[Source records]
----

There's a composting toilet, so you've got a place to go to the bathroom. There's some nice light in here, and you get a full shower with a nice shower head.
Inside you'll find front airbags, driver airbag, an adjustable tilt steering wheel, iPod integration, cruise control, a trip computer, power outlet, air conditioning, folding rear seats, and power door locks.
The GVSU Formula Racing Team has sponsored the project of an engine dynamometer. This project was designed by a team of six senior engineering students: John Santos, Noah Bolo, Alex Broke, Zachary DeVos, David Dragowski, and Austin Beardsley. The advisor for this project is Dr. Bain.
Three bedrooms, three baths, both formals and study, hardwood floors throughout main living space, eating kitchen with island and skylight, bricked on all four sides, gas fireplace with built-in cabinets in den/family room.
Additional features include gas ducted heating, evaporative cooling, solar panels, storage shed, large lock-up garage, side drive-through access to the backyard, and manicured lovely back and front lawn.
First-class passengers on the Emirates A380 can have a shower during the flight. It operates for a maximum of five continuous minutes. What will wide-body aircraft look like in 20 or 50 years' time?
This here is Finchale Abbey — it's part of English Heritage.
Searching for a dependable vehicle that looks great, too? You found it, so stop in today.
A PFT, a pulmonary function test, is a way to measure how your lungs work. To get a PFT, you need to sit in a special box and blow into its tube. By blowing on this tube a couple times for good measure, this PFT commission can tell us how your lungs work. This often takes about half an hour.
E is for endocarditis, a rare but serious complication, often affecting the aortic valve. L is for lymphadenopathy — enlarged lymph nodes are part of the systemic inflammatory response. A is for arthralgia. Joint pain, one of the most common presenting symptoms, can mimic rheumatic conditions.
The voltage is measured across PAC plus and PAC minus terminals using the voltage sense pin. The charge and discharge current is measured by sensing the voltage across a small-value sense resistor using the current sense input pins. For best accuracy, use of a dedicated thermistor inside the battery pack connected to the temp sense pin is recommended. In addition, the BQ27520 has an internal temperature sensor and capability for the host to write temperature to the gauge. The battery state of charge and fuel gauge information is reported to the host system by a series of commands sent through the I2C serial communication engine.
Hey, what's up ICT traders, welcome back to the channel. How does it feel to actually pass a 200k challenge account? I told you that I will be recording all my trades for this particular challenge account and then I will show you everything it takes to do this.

----

Exercise aim — Could you write out all the entries word for word?

Task output —
There's a composting toilet, so you've got a place to go to the bathroom. There's some nice light in here, and you get a full shower with a nice shower head.
Inside you'll find front airbags, driver airbag, an adjustable tilt steering wheel, iPod integration, cruise control, a trip computer, power outlet, air conditioning, folding rear seats, and power door locks.
The GVSU Formula Racing Team has sponsored the project of an engine dynamometer. This project was designed by a team of six senior engineering students: John Santos, Noah Bolo, Alex Broke, Zachary DeVos, David Dragowski, and Austin Beardsley. The advisor for this project is Dr. Bain.
Three bedrooms, three baths, both formals and study, hardwood floors throughout main living space, eating kitchen with island and skylight, bricked on all four sides, gas fireplace with built-in cabinets in den/family room.
Additional features include gas ducted heating, evaporative cooling, solar panels, storage shed, large lock-up garage, side drive-through access to the backyard, and manicured lovely back and front lawn.
First-class passengers on the Emirates A380 can have a shower during the flight. It operates for a maximum of five continuous minutes. What will wide-body aircraft look like in 20 or 50 years' time?
This here is Finchale Abbey — it's part of English Heritage.
Searching for a dependable vehicle that looks great, too? You found it, so stop in today.
A PFT, a pulmonary function test, is a way to measure how your lungs work. To get a PFT, you need to sit in a special box and blow into its tube. By blowing on this tube a couple times for good measure, this PFT commission can tell us how your lungs work. This often takes about half an hour.
E is for endocarditis, a rare but serious complication, often affecting the aortic valve. L is for lymphadenopathy — enlarged lymph nodes are part of the systemic inflammatory response. A is for arthralgia. Joint pain, one of the most common presenting symptoms, can mimic rheumatic conditions.
The voltage is measured across PAC plus and PAC minus terminals using the voltage sense pin. The charge and discharge current is measured by sensing the voltage across a small-value sense resistor using the current sense input pins. For best accuracy, use of a dedicated thermistor inside the battery pack connected to the temp sense pin is recommended. In addition, the BQ27520 has an internal temperature sensor and capability for the host to write temperature to the gauge. The battery state of charge and fuel gauge information is reported to the host system by a series of commands sent through the I2C serial communication engine.
Hey, what's up ICT traders, welcome back to the channel. How does it feel to actually pass a 200k challenge account? I told you that I will be recording all my trades for this particular challenge account and then I will show you everything it takes to do this.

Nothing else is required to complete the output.